• MATERIAL PROVIDED:
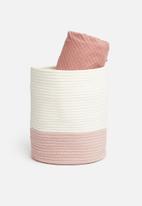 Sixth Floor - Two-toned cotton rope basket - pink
==
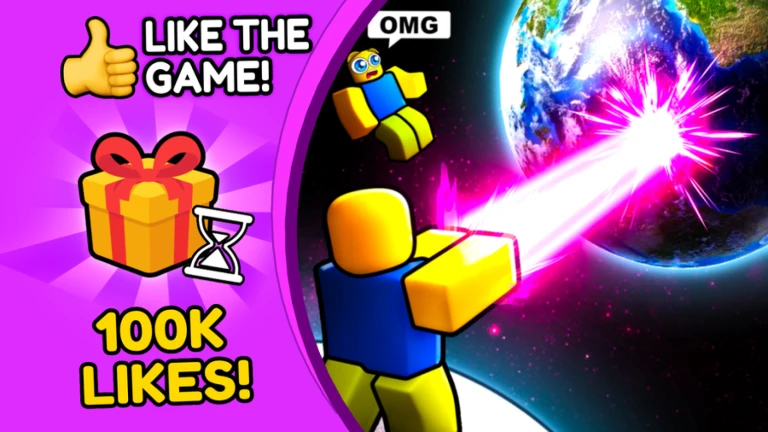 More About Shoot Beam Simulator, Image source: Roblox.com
* * *
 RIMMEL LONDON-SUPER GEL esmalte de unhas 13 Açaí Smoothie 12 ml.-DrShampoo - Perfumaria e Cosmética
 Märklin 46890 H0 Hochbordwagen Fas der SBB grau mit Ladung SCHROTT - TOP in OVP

• THE TASK: Repeat exactly the lines of the listing above, from the one with "RIMMEL LONDON-SUPER GEL" down to the one with "Märklin 46890 H0"; both of those lines belong in the range.

• RESPONSE AREA:
 RIMMEL LONDON-SUPER GEL esmalte de unhas 13 Açaí Smoothie 12 ml.-DrShampoo - Perfumaria e Cosmética
 Märklin 46890 H0 Hochbordwagen Fas der SBB grau mit Ladung SCHROTT - TOP in OVP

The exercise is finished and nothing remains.